Three years later, in my last year of GSA, the series’ feature-length sequel The Pervert’s Guide to Ideology was released in cinemas, and I couldn’t miss it. I was very affected by the experience of watching Ideology on the big screen. It was also maybe the first time I went to the cinema by myself, which is something I do all the time now; but mainly I remember feeling overwhelmed by some of the film scenes selected, especially by Willem Dafoe (he’s now cropped up twice in this blog) as Christ on the cross, suffering horribly, forsaken by God, or the Big Other as Žižek suggests. But on this re-watch ten years later, I discovered that the film actually ends quite quickly after this crucifixion scene, while I remembered a whole other section. I had somehow implanted a false memory of a whole different ending that included the real epiphany that stuck with me. I don’t know if I then made the whole thing up, or I mashed together a different theory with this memory.

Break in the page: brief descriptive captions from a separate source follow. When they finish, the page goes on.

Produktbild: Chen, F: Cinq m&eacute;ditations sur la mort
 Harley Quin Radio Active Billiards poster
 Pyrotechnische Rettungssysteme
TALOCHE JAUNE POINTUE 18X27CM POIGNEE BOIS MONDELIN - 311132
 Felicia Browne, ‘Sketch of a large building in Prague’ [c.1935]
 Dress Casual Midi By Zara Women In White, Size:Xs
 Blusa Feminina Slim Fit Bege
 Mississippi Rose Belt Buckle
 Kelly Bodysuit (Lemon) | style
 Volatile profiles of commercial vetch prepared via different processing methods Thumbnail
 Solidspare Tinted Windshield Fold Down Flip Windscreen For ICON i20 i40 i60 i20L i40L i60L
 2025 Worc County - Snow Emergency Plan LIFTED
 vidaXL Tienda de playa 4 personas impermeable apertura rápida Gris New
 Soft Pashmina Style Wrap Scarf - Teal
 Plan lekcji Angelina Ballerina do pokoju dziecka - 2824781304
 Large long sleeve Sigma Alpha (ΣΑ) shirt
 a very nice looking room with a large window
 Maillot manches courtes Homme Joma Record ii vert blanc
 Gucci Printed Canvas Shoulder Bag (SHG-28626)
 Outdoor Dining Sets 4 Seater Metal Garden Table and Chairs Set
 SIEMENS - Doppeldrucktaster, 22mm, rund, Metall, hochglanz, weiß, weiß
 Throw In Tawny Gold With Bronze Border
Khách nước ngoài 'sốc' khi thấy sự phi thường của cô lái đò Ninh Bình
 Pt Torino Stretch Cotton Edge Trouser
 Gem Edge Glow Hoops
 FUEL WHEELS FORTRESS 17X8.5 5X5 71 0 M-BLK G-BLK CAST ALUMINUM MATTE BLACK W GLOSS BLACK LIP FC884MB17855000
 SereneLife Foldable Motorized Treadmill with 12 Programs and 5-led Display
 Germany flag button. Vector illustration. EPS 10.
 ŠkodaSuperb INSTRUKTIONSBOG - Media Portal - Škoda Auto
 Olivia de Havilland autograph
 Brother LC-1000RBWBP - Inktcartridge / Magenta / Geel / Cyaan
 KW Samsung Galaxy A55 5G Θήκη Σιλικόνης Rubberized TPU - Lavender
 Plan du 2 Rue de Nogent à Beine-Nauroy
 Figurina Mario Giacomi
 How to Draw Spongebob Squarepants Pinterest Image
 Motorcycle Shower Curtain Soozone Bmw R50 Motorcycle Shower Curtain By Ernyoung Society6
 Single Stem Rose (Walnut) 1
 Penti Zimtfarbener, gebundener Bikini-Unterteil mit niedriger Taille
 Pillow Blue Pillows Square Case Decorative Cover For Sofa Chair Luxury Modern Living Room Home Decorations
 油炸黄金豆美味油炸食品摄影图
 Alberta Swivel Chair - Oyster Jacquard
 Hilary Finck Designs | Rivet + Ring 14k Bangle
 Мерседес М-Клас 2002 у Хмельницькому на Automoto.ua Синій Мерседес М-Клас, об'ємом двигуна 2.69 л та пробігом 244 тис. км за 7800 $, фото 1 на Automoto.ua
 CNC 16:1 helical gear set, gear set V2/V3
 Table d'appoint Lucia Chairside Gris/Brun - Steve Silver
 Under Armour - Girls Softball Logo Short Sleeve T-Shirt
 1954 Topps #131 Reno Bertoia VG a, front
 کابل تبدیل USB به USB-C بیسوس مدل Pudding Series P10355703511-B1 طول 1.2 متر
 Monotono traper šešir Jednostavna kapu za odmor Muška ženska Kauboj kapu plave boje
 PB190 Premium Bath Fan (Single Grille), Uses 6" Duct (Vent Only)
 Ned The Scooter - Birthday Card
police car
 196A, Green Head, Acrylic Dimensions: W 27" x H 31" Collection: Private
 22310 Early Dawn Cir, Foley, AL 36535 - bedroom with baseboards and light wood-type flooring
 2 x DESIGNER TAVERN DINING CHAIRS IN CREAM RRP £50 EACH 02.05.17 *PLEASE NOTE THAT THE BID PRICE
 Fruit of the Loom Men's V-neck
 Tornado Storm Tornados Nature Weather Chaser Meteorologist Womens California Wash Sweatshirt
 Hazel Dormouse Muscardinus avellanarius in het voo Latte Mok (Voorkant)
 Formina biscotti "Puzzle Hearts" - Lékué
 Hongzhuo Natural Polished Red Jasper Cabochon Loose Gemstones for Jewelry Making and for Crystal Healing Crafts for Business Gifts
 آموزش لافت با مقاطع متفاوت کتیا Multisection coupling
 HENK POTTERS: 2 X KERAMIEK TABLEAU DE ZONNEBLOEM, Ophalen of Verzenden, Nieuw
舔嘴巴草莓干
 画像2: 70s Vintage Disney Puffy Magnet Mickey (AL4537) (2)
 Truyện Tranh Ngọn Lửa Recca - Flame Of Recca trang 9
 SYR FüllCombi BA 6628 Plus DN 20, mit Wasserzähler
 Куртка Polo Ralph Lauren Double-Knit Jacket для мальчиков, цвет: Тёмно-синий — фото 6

Willem Dafoe as Jesus Christ in The Last Temptation of Christ, dir. Martin Scorsese (Universal Pictures, 1988)

The epiphany, that I wrongly attributed to Žižek, goes roughly as follows: We, as a society, don’t believe anymore in the eye of God, watching and judging us, so we have replaced God, one Big Other, with another: cinema. This began with the advent of the camera in the 19th century, which coincided with industrialisation, widespread decline of religion, the invention of ghosts and the birth of cinema. By pretending we are in a film, a phenomenon now hardwired into us, we are watching ourselves in our mind’s eye. CCTV, the internet, people filming each other on their phones has added to this psychic behaviour in the 10 or so years since I first watched TPGTI. The eye of the camera is the new eye of god that monitors our behaviour, that is watching us even when we think we’re alone, whose presence forces us to view ourselves externally. The eye of the film camera is also how we are now immortal, not as ghosts or souls; our life after death as moving image. By watching each other, forming part of an audience as well as being the star of our own film, we as a culture form our own god and afterlife.

The horror that Dafoe realises on the cross as he begs for divine assistance is that we are our own god. We (humanity) are the ghosts in the machine; as Žižek put it himself, we are the demonic voice possessing the innocent flesh, an obscene disembodied voice; the alien inhabiting the body.

Still from The Exorcist, dir. William Friedkin (Hoya Productions/Warner Bros, 1973)

Note: in case anyone is looking for film recommendations, here’s a list of films that featured in TPGTC and TPGTI that I’ve since watched just based off their little clips: Solaris (dir. Andrei Tarkovsky, 1972), The Conversation (dir. Francis Ford Coppola, 1974), Lost Highway (dir. David Lynch, 1997), Full Metal Jacket (dir. Stanley Kubrick, 1987), In the Cut (dir. Jane Campion, 2003).